#### Given data

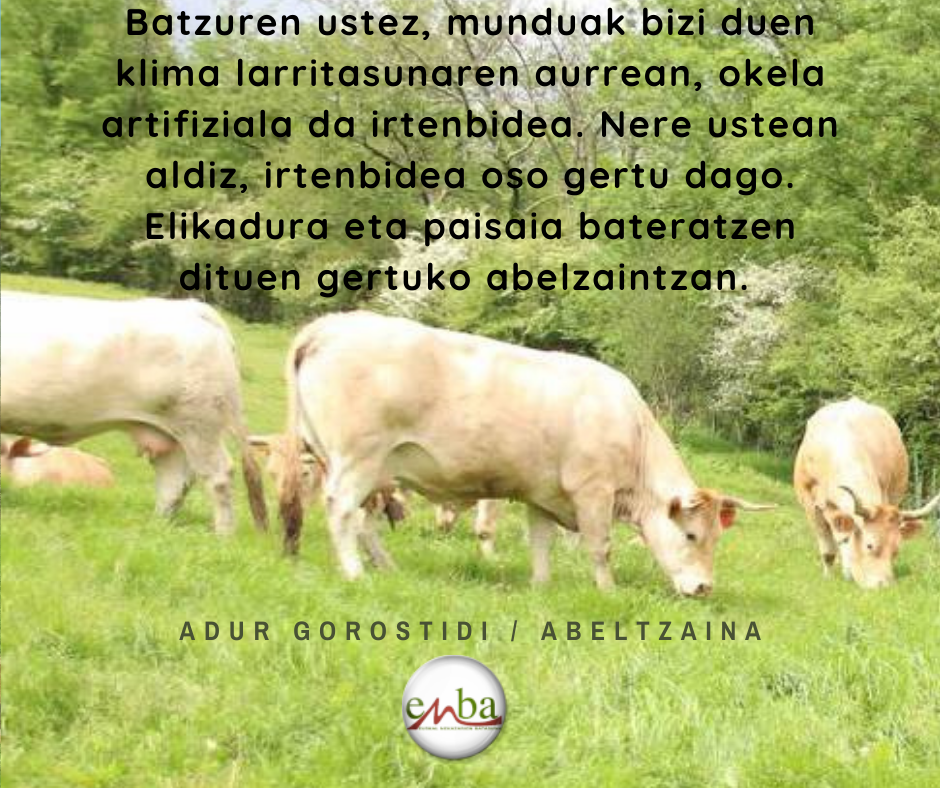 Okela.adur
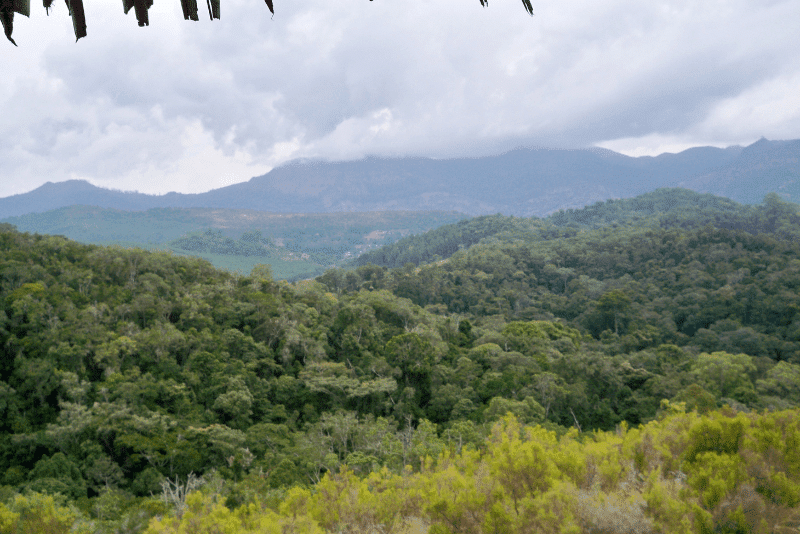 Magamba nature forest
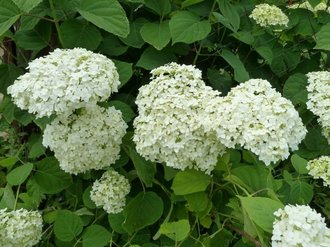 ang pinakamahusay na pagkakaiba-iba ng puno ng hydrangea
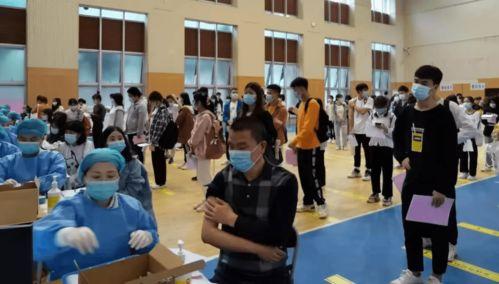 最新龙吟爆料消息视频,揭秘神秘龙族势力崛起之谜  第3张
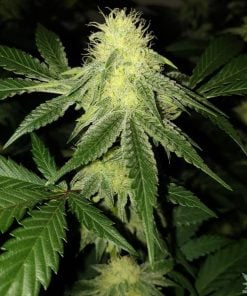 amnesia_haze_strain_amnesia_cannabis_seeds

########

* [Task prompt]
Drop the images and quote the entries word for word.

* [Answer to the exercise]
 Okela.adur
 Magamba nature forest
 ang pinakamahusay na pagkakaiba-iba ng puno ng hydrangea
 最新龙吟爆料消息视频,揭秘神秘龙族势力崛起之谜  第3张
 amnesia_haze_strain_amnesia_cannabis_seeds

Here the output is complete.